My gut reaction was that if someone was to propose a system design to me to implement that took more than 2 seconds to propogate updates from a tag vendor to a toll operator then something was seriously flawed with the design. I can only presume that the National Roads Authority and the various toll operators use carrier pigeons to implement their system.
After about a day of being this cocky about how I or any of the people I work with could do this much better I began to wonder how I would build it and so just to prove to myself that yes this could be done I have written up my design and included it below as it may prove of use to someone.
Only read beyond this point should you actually be interested in how I would build this system and actually think things like message queuing and distributed systems are fun.
The starting point for any design should be the requirements so what are ours.
- The system must be robust and not have a single point of failure in core functionality
- It should be possible to minimise the impact of failures at the tag vedor or toll operators locations
- The system should not need to be aware of the toll charges
- Since this system is in affect handling monetary transactions it should not lose transactions
- Conversely duplicate transactions should be prevented from being impacting users as this would be a customer service burden
- It must be easy to add and remove both tag vendors and toll operators with disrupting existing participants and in particular should require no action on their part
- The system should be cost effective
- The system should function if participants become partitioned and handle rejoining without disrupting service.
My initial approach is to use a centralised message broker service which would provide durable message storage and routing between the tag vendors and the toll operators. The drawing below shows the high level view of the design. A centralised cluster of message brokers provide our queuing service (CQB). Three brokers are indicated in order to provide a level of resiliency as all messages will be stored on two brokers to protect against failure, the third just ensures that even in a failure situation we would still have redundancy in the service. All messages have a unique ID so that duplicates can be detected.
Tag vendors send messages to the CQB containing updates of the status of tag accounts. These updates are forwarded to all toll operators so that their local database of accounts can be updated. If a toll operator is not reachable due to a technical issue then the updates are stored until they become contactable again.
Toll operators check a tag against the local database and then send a message to the CQB for the tag vendor who provided the tag informing them of the success or failure of the tag check. This message triggers the charging of the customers account. To make integration easier the service provider provides the systems that implement the message handling and local database for the toll operators. The same systems could be provided to tag vendors but it is not expected that they would need them due to details which I will discuss later.
How would our system cope. There are two major factors which will impact scaling this service, the number of tags in the system and the amount of messages which have to be processed.
The number of tags can be estimated based on the number of vehicles in the country.

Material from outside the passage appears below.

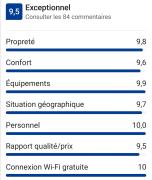 Le Paul Chandon Centre-ville 4 pers Parking privé 2 places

Currently at about 1.5 million cars and if we allow the same again for trucks etc. we can allow for 100% service penetration which is 3 million tags . The information required in the local databases is the tag id, the tag vendor, the account status and some other housekeeping fields. All together this should fit inside 250 bytes with ease and so the full database should be 750MB in size and easy to keep in memory. Even a doubling in size would not be an issue.
The number of messages may prove more challenging. We shall assume all tolling locations function like the M50 west link because this is the toughest use case.
If a lane of traffic is travelling at 100km/h and the interval between vehicles is 20m then our toll point will process approx 1.5 tags per second (again we assume 100% usage). At lower speeds the interval between vehicles should be smaller but the number of tags presented should be similar. With 8 lanes this toll operator is generating 12 messages per second at peak. If we allow for 50 toll operators in the country then the combined peak is 600 messages per second. (there are currently only 6 toll roads in ireland but lets imagine they build a few more). Furthermore lets assume than 25% of these messages reduce a customers balance to the point where it triggers an account suspension and that these 25% of customers then top up and are reactivated. This gives a total peak message rate of 900 messages per second. (600 * 1.5) The CQB cluster above could easily sustain more than 2000 messages per second even with one node failed so we can cope with the worst case of messages as well.
Lets compare the design to the requirements.
- Robust: N+1 Central broker service
- Minimise failure impact: Central service queues messages for failed tag or toll users
- Unaware of charges: only knows account state and toll events
- Should not lose transactions: Messages stored on two brokers
- Duplicate transactions: are detected based on the unique message id
- Easy to add and remove participants: only the CQB requires an update
- Cost effective: CQB would cost €6k euro (2k per host is more than enough) and each toll operator would cost between €2k and €3k
- Function if partitioned: local DB handles requests and messages are stored until rejoined
So this really just is not that hard a problem and is solvable using off the shelf components.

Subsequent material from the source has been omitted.